- [What is being asked] Write out the stretch of lines below that begins at the line with "pixelhobby Collection Poupées" and ends at the line with "Eye Icon Eyeball", including both, exactly as given and nothing more.

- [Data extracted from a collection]
* * * * *

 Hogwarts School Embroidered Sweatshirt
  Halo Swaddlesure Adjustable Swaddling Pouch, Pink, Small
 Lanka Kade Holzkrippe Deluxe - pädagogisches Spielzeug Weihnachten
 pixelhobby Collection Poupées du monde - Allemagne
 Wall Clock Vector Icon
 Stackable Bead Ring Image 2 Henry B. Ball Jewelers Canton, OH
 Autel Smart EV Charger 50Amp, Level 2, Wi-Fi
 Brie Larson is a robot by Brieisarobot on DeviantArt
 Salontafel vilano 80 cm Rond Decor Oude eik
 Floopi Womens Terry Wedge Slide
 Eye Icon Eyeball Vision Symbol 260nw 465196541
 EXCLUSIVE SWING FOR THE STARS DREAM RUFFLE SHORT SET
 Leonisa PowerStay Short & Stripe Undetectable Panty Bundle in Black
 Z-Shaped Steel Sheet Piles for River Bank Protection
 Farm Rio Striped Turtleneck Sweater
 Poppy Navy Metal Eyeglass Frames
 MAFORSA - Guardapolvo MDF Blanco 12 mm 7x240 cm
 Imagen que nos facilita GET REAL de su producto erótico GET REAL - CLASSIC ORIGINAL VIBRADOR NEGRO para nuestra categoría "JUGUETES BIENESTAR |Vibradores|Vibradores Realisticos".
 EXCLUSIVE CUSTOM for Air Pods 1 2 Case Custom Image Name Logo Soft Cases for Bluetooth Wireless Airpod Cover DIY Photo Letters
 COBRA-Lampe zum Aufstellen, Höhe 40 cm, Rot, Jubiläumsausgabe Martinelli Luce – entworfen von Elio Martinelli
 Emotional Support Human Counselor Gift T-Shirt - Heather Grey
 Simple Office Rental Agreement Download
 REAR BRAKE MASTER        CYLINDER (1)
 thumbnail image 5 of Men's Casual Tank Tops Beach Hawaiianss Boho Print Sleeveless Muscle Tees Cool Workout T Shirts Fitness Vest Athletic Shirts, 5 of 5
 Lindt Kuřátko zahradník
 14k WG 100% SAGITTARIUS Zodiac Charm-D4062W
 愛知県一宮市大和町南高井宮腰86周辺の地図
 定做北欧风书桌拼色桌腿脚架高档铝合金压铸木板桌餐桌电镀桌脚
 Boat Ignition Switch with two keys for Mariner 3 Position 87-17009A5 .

* * * * *

- [Final answer]
 pixelhobby Collection Poupées du monde - Allemagne
 Wall Clock Vector Icon
 Stackable Bead Ring Image 2 Henry B. Ball Jewelers Canton, OH
 Autel Smart EV Charger 50Amp, Level 2, Wi-Fi
 Brie Larson is a robot by Brieisarobot on DeviantArt
 Salontafel vilano 80 cm Rond Decor Oude eik
 Floopi Womens Terry Wedge Slide
 Eye Icon Eyeball Vision Symbol 260nw 465196541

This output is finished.